= WORK TO COMPLETE =
Using the data below, set down every line from the one containing "Vegetable Soup - Pouly" through the one containing "Delhi Theatre Festival", inclusive and unchanged. Pictures are to be skipped.
─── DATA SHOWN ───
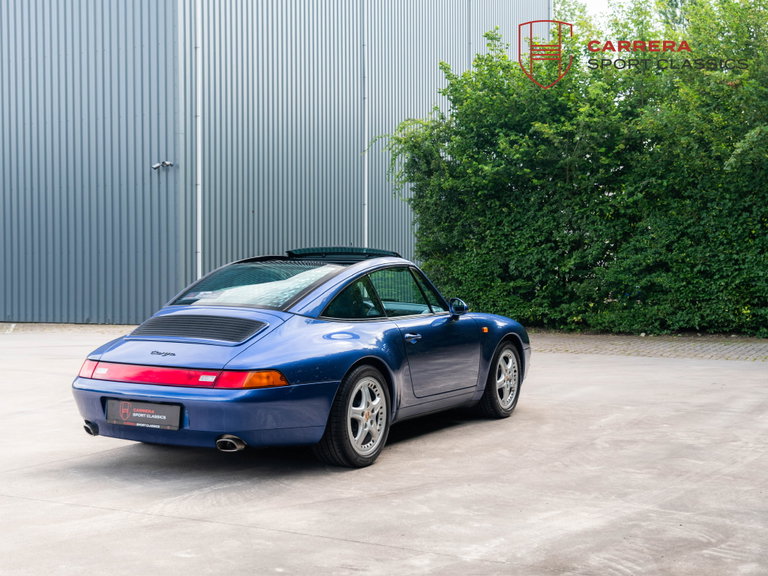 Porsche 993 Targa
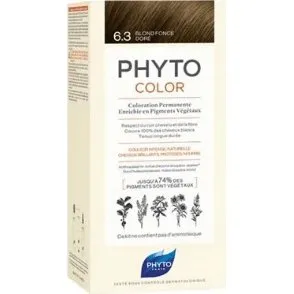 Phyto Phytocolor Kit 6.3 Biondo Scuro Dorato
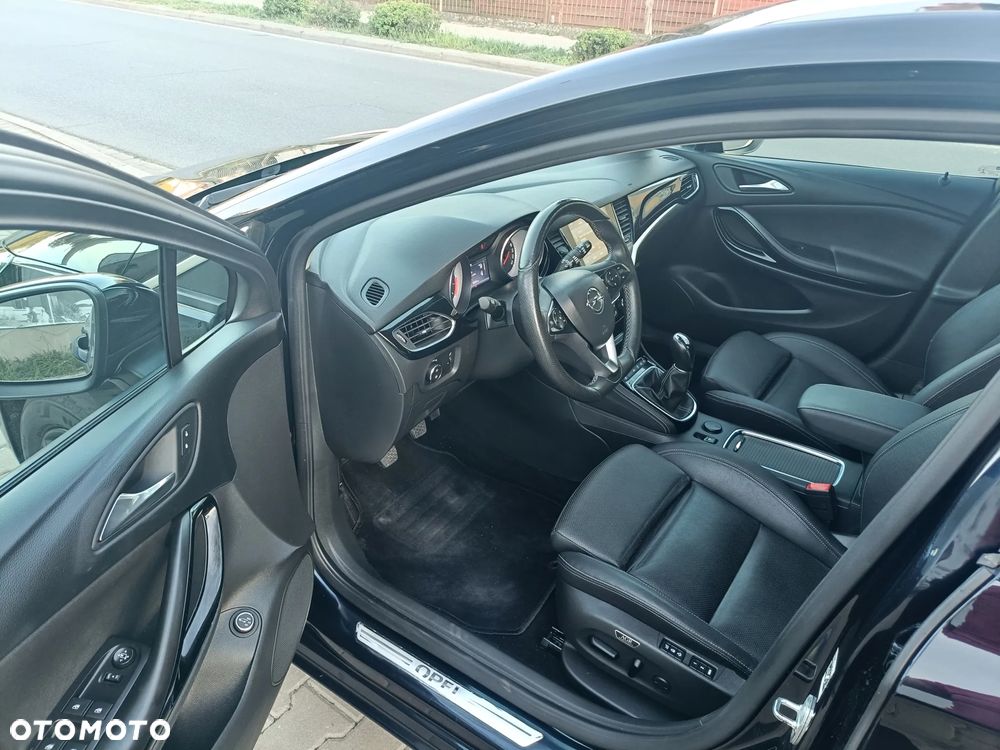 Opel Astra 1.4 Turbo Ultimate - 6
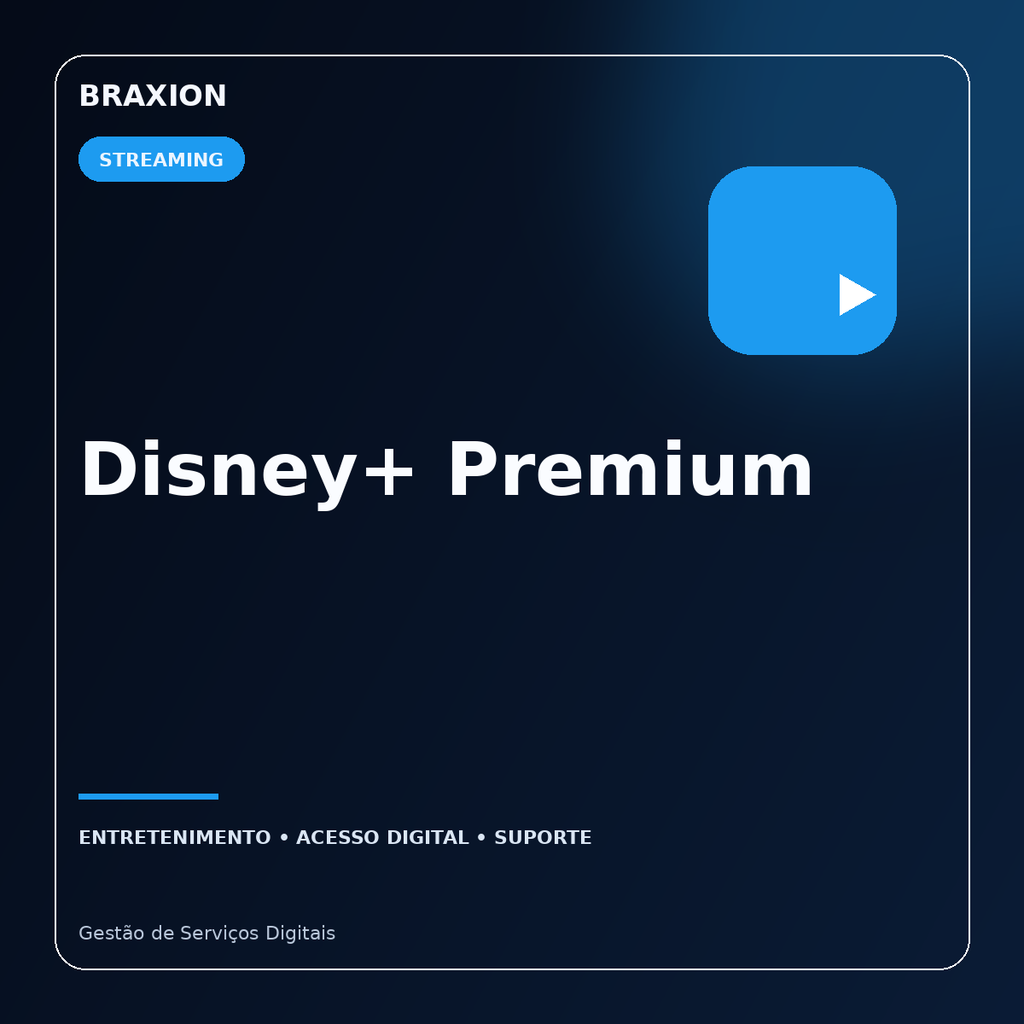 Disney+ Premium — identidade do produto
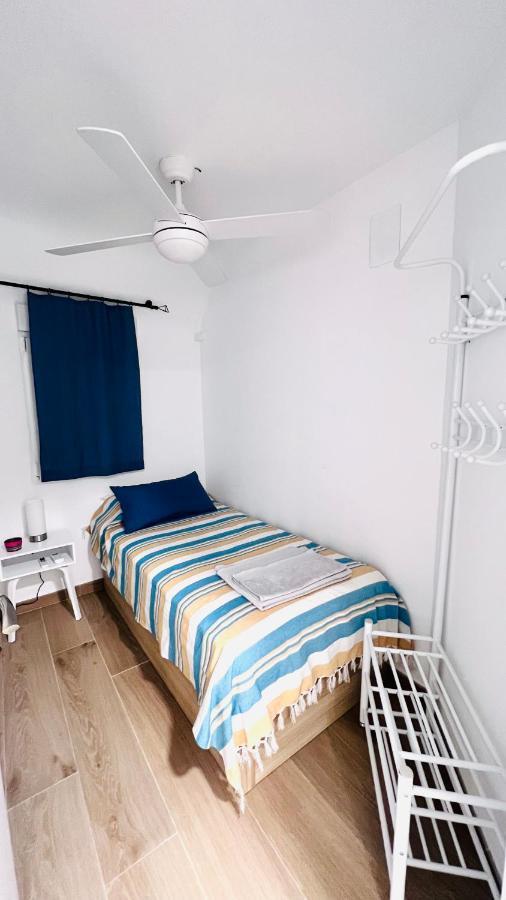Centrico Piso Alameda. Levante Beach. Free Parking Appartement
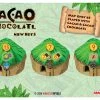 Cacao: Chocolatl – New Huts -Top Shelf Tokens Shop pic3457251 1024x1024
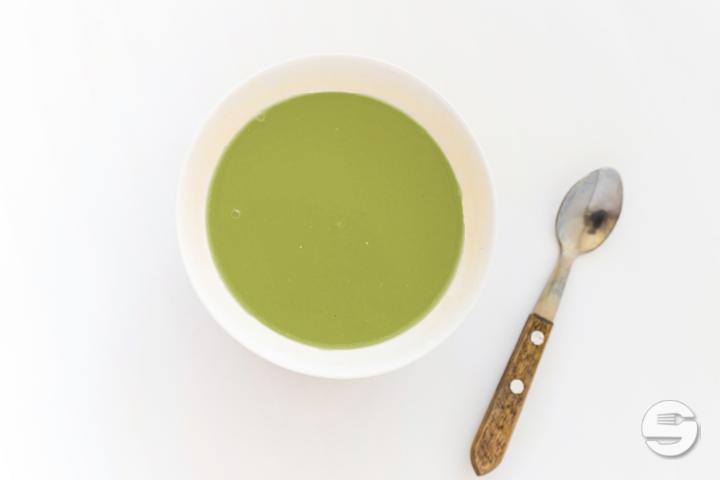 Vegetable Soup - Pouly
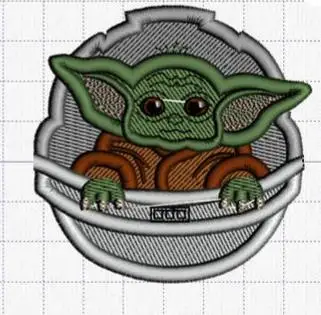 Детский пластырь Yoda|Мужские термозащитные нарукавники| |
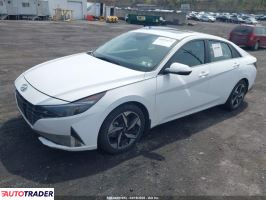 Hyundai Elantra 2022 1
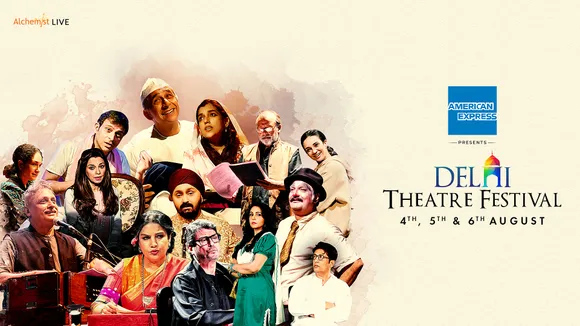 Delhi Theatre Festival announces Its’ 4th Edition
───
─── DATA SHOWN ───
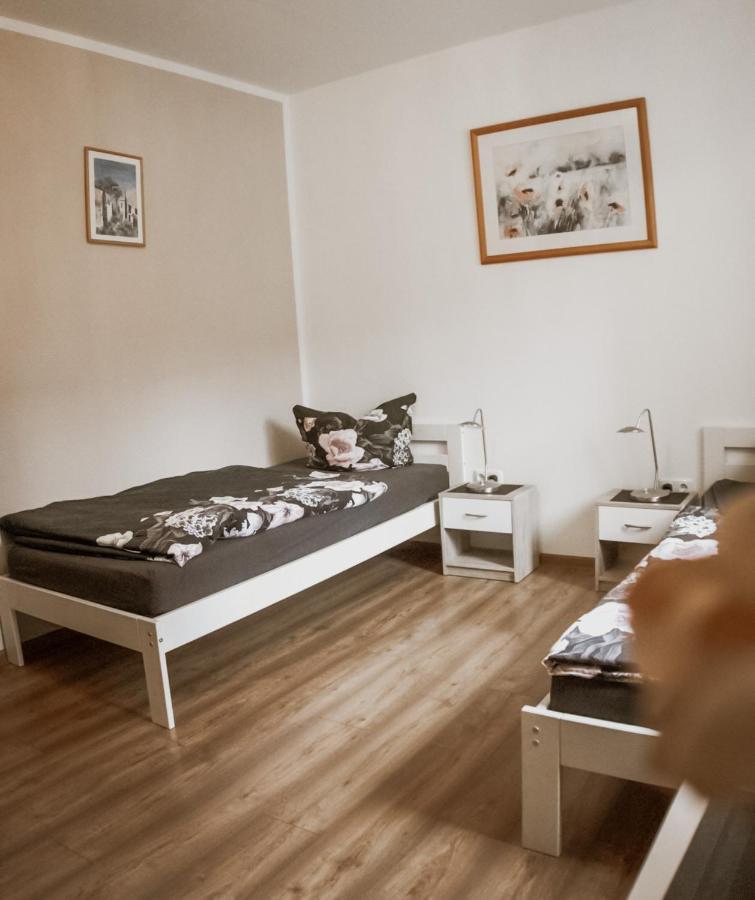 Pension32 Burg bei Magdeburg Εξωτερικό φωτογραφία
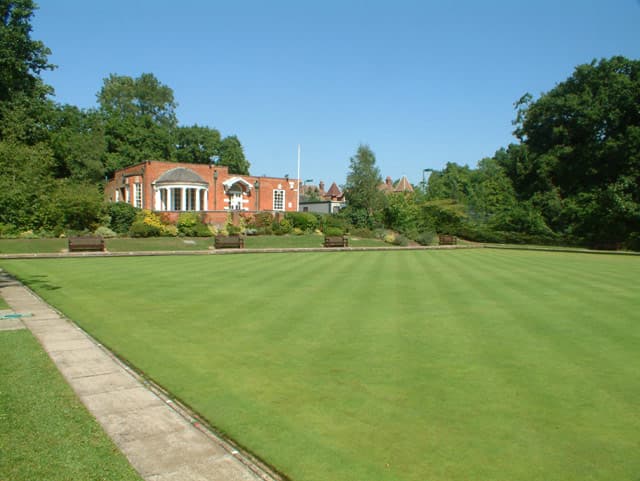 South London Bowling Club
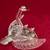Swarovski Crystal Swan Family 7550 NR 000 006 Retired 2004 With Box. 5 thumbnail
───
= EXERCISE SOLUTION =
 Vegetable Soup - Pouly
 Детский пластырь Yoda|Мужские термозащитные нарукавники| |
 Hyundai Elantra 2022 1
 Delhi Theatre Festival announces Its’ 4th Edition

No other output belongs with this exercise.